The climate crisis and grassroots sports
A report has shown that extreme weather associated with climate change is severely affecting sports at amateur and grassroots level.
The report was published by the British Association of Sustainable Sport, which said rain-affected facilities were becoming a fixture of amateur sport in the UK, with ground staff struggling with cancellations and rescheduling.
According to an article from the BBC, nearly two-thirds of those who play or watch golf have experienced extreme weather in the past year, while conditions such as flooding have also affected roughly 40% of football players and spectators.
The report surveyed 2,006 people overall, with participants asked whether they had watched or participated in grassroots sport during the past 12 months.

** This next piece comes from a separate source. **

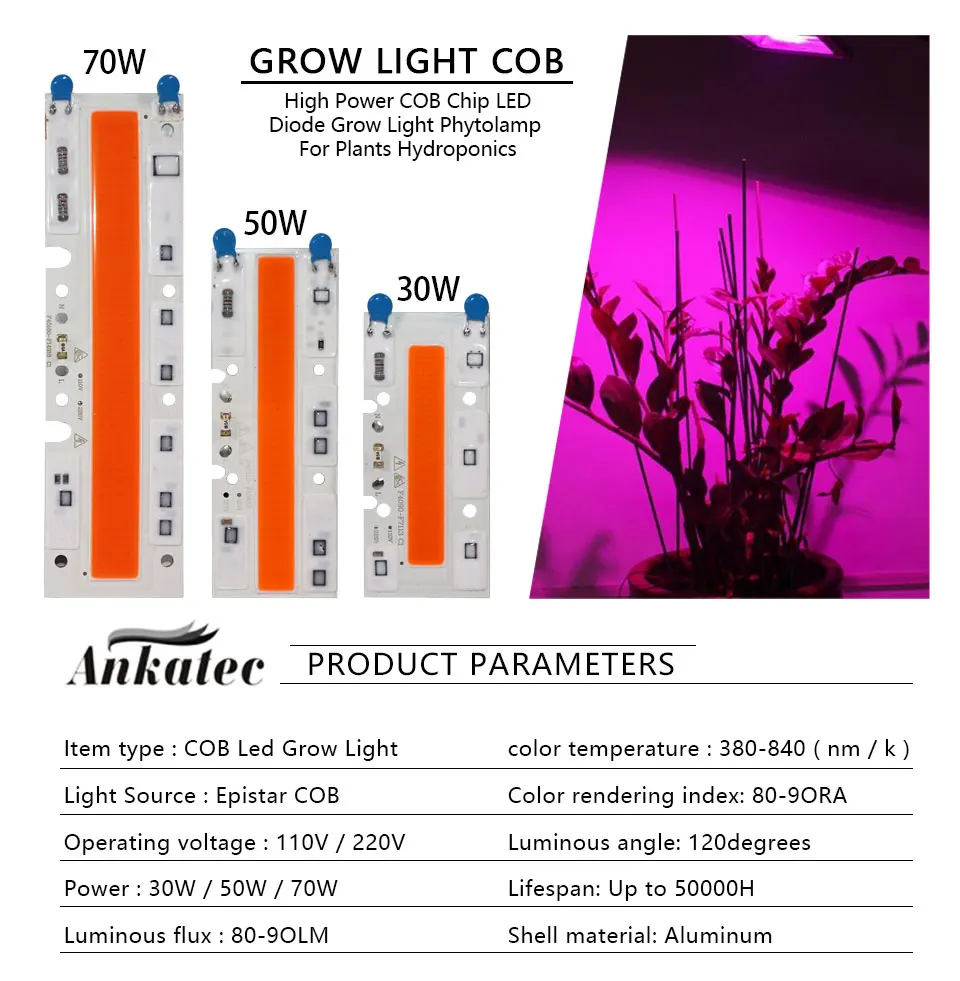 一线植物灯详情atk_01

Of the 1,059 that had taken part in golf, football or cricket, 48% said they had been affected by bad weather associated with climate change.
Of the golfers and golf spectators polled, 64% said they had encountered disruption to the sport such as rescheduling, reduction in length of matches or cancellation.

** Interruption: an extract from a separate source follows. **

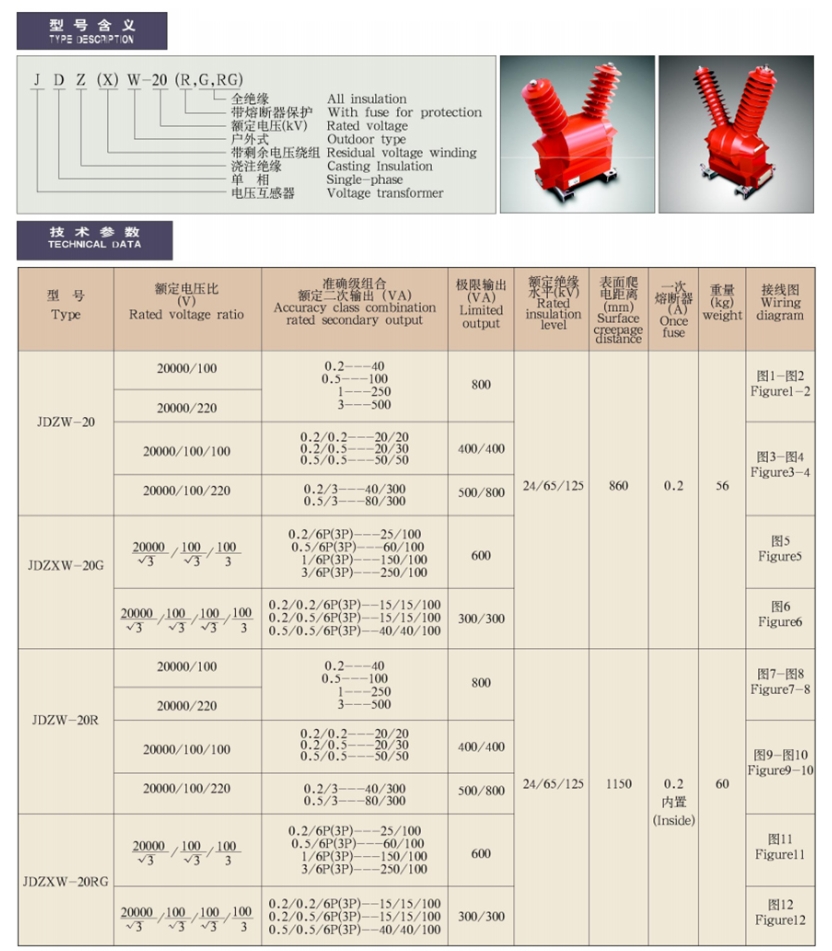 JDZ(X)W-20(R、G、RG)户外用电压互感器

And in cricket, the figure was reported to be 60%. England Women cricket player Tammy Beaumont told the BBC: “Beyond just the loss of missed games in the immediate term, we’re risking longer-term impacts on sport too. The more games are called off, the more likely it is that players will lose interest in playing the sport.
“If the cricket season is spent mainly watching it rain or playing on dry, poor wickets, players may leave the sport for a game they get more opportunity in – or stop sport altogether.”
Concern was also raised by the Football Association, which has previously estimated that roughly 120,000 games are cancelled every season.